Pernyataan penguasa ini di satu titik hendak menggambarkan bagaimana cara kerja kekuasaan yang arogan dan superior dalam memproduksi narasi-narasi yang menyesatkan sekaligus mengkerdilkan nalar publik.
Bahasa pada dialog ini tidak hanya memainkan peran sebagai instrumen komunikasi, tetapi juga sebagai simbol dominasi penguasa atas pikiran rakyat.
Lebih jauh lagi, pernyataan ini juga menjadi antitesis terhadap konstruksi terkait konsep ketuhanan yang diyakini masyarakat Manggarai.
Ketuhanan dalam pengalaman spiritual dan eksistensial masyarakat Manggarai hadir melalui relasi kehidupan sehari-hari yang sakral serta tidak materialistis.
Hal ini berbeda dengan nalar oportunis-pragmatis penguasa. Sikap penolakan masyarakat lokal terhadap cacat logika penguasa atas konsep ketuhanan ini tergambar melalui cuplikan dialog berikut: “Tuang, toe nenggitu Mori ata bae agu imbi dami.”

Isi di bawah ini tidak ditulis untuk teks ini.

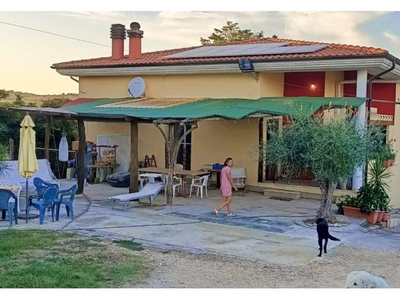 Villa in vendita a Guglionesi, Via Roma 2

Joy Mangkung, Ketua Komunitas Niang Gejur menyatakan, Balada Tana Mbate bukan sekadar aktivitas kesenian, “tetapi menjadi semacam tanggung jawab moral-sosial dari teman-teman komunitas untuk mengajak dan memprovokasi kesadaran kritis-kolektif dari semua orang yang datang menikmati acara ini agar mereka peka dengan keadaan tanah leluhur saat ini.”
“Balada Tana Mbate adalah upaya kesekian yang kami berikan bagi semua orang khususnya manusia-manusia NTT yang mata, telinga, dan hatinya masih bisa berfungsi dengan baik untuk mencerna secara kritis berbagai persoalan yang terjadi hari-hari ini,” katanya.
Joy menambahkan, “kami percaya bahwa seni selalu punya caranya sendiri untuk mengingatkan sekaligus memprovokasi kesadaran serta keberanian orang-orang untuk melawan segala macam penindasan.
“Selama naluri seni kami masih menyala, kami tidak akan padam di sini,” katanya.
Niang Gejur telah terlibat dalam berbagai aktivitas kesenian seperti musik, teater, fragmen, dan tarian yang semuanya mengangkat persoalan sosial di NTT.
Balada Tana Mbate menjadi penampilan ketiga Niang Gejur yang secara khusus menyoroti problem sosial-budaya.
Sebelumnya, komunitas juga mementaskan teater berjudul Elegi Sebae dan Elegi Perempuan dalam acara Festival Komanta Atmajaya pada 2023 dan 2024.